Recovery is looking unlikely, but then Miss Shell shows up with a special something something to commemorate opening day:
And the face does a 360.
Cupcakes with plastic baseballs save the day...once more, all is right in the world.
Shortly after the sugar consumption, I announce the next surprise:
OPENING DAY HAIRCUTS!
At this point in the day, eldest son Joshua, whose concern for justice is of utmost importance, pulls me aside:
'Wow--pictures, cupcakes, haircuts, more pictures...you sure are making a big deal about this first game. Did you make this big of a deal about my first game?'
Buddy, go open the cabinet in the basement and pull out scrapbook, volume #7. On page 250, you'll find a ten page spread, I'm sure of it.
Phew. Glad those middle kids...what's their names...didn't pose that question.
So we mosey on down to the Sports Clips and this momma has a trump card in our back pocket...and she's so excited to pull it out, yes she is. The last of the pack needs some trumpet noise--some announcing--every now and then. A trump card of the Mr. T. variety:
One last look, Mimi:
And back to our red-neck roots we go:
The 'out-in-your-face-here-I-am' kind of do. A mohawk-sportin', red-neck stylin' grand-son. Mimi is so proud. I know she is.
So with the buzz of the clippers, the O's capacity for trouble just grew ten-fold. Or, more accurately, just exposed what was already there. (Who just knocked that kid down? It was the boy with the mohawk. Who is throwing a fit out there in the field? The boy with the mohawk. Who is stomping off from his parents again? Oh, just the boy with the mohawk.) Yep. No hiding now... No longer able to hide under the innocent locks of brown hair. No longer.
The O is in his element, his prime. It fits like a glove, and he can't lose this one I might add.
And finally, finally, it's 6:00 PM--the moment we've all been waiting for.

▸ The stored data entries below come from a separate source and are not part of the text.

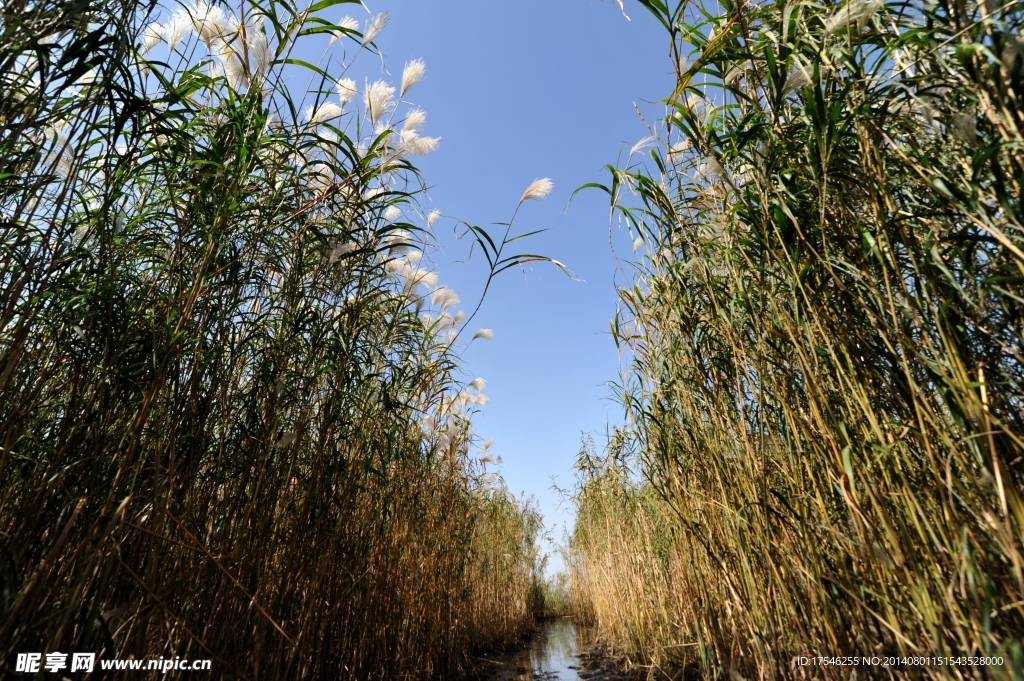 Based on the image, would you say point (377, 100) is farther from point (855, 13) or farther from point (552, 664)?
point (552, 664)

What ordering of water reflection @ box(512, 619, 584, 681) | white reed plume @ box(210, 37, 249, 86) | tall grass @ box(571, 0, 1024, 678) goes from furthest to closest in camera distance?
water reflection @ box(512, 619, 584, 681), white reed plume @ box(210, 37, 249, 86), tall grass @ box(571, 0, 1024, 678)

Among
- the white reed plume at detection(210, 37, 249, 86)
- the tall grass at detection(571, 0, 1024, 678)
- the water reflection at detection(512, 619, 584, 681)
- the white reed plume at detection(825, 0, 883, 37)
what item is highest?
the white reed plume at detection(210, 37, 249, 86)

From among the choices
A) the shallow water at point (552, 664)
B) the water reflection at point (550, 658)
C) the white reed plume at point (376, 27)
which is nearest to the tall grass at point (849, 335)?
the white reed plume at point (376, 27)

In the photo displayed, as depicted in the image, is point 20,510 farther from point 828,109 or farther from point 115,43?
point 828,109

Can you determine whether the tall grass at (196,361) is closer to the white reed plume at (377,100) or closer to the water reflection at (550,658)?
the white reed plume at (377,100)

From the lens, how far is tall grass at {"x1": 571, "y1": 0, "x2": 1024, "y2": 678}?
1.10m

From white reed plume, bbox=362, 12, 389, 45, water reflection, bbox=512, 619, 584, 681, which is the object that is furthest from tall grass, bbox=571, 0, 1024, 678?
water reflection, bbox=512, 619, 584, 681

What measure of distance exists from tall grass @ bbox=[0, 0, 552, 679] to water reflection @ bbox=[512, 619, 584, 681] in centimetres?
210

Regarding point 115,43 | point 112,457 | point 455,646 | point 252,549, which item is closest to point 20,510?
point 112,457

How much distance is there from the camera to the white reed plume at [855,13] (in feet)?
4.06

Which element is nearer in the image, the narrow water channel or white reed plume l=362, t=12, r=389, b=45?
white reed plume l=362, t=12, r=389, b=45

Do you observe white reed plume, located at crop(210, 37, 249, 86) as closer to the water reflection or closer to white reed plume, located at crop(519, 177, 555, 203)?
white reed plume, located at crop(519, 177, 555, 203)

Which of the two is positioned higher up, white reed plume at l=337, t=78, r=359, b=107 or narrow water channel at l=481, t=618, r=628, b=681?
white reed plume at l=337, t=78, r=359, b=107

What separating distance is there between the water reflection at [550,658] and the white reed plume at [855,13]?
4.65 m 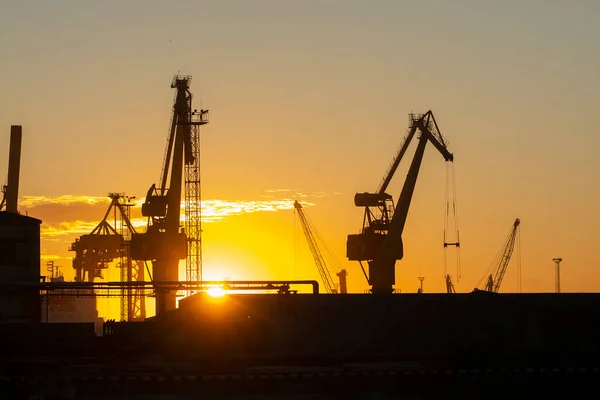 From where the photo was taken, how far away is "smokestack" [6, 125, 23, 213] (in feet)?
374

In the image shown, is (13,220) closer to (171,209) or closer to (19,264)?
(19,264)

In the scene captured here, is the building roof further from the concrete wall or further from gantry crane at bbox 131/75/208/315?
gantry crane at bbox 131/75/208/315

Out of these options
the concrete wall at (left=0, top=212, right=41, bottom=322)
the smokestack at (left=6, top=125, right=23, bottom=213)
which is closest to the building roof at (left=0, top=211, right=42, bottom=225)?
the concrete wall at (left=0, top=212, right=41, bottom=322)

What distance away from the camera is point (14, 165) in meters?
115

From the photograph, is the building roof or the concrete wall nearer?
the concrete wall

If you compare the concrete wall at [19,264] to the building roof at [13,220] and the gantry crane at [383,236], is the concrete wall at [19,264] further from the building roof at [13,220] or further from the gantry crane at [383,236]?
the gantry crane at [383,236]

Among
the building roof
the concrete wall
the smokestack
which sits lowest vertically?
the concrete wall

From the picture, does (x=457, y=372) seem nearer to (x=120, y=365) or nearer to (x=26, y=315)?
(x=120, y=365)

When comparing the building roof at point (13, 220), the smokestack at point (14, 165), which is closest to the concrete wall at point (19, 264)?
the building roof at point (13, 220)

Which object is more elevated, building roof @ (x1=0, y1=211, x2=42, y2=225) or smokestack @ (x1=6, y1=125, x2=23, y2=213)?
smokestack @ (x1=6, y1=125, x2=23, y2=213)

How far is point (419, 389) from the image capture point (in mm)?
46094

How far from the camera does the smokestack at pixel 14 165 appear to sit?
11394cm

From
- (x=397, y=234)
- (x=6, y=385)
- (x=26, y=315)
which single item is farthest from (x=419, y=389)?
(x=397, y=234)

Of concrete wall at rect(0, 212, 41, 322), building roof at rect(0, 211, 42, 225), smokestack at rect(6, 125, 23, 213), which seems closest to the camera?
concrete wall at rect(0, 212, 41, 322) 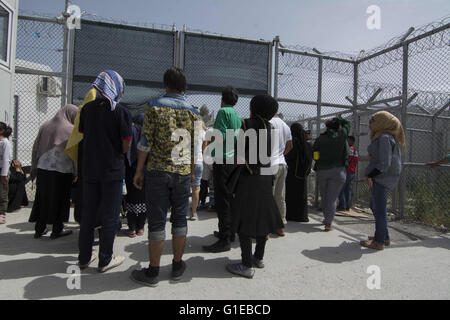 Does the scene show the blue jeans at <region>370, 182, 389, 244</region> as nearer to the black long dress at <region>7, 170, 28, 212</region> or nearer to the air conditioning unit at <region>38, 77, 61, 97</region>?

And a slew of 'firsts' for this four-year-old happens in a matter of minutes.
His first National Anthem:
His first team huddle:
His first time to field (sportin' Ben somebody-or-other's glove):
First up to bat (with dad's assistance):
First time to score:
And amidst all his 'firsts', his fan club cheers him on:
Of course, in O fashion, he pretends to ignore the signs. He pretends to ignore the friends, the Mimi, the aunt and cousin cheers. He tries to look all unaffected...but the smile seeping out of the corner of his pretend somberness gives him away. Later, when it's safe to care, he'll talk non-stop about all the people that came to share in his day of firsts.
O boy, you are one-of-a-kind. You might be number five, but you're the first to ever sport a mohawk in this family. And sport it well I might add. Crooked smilin' mohawkin stylin'. Yep. It suits you. It suits you just fine.
So thankful to share in this day of firsts with you...we love you O-ee-O.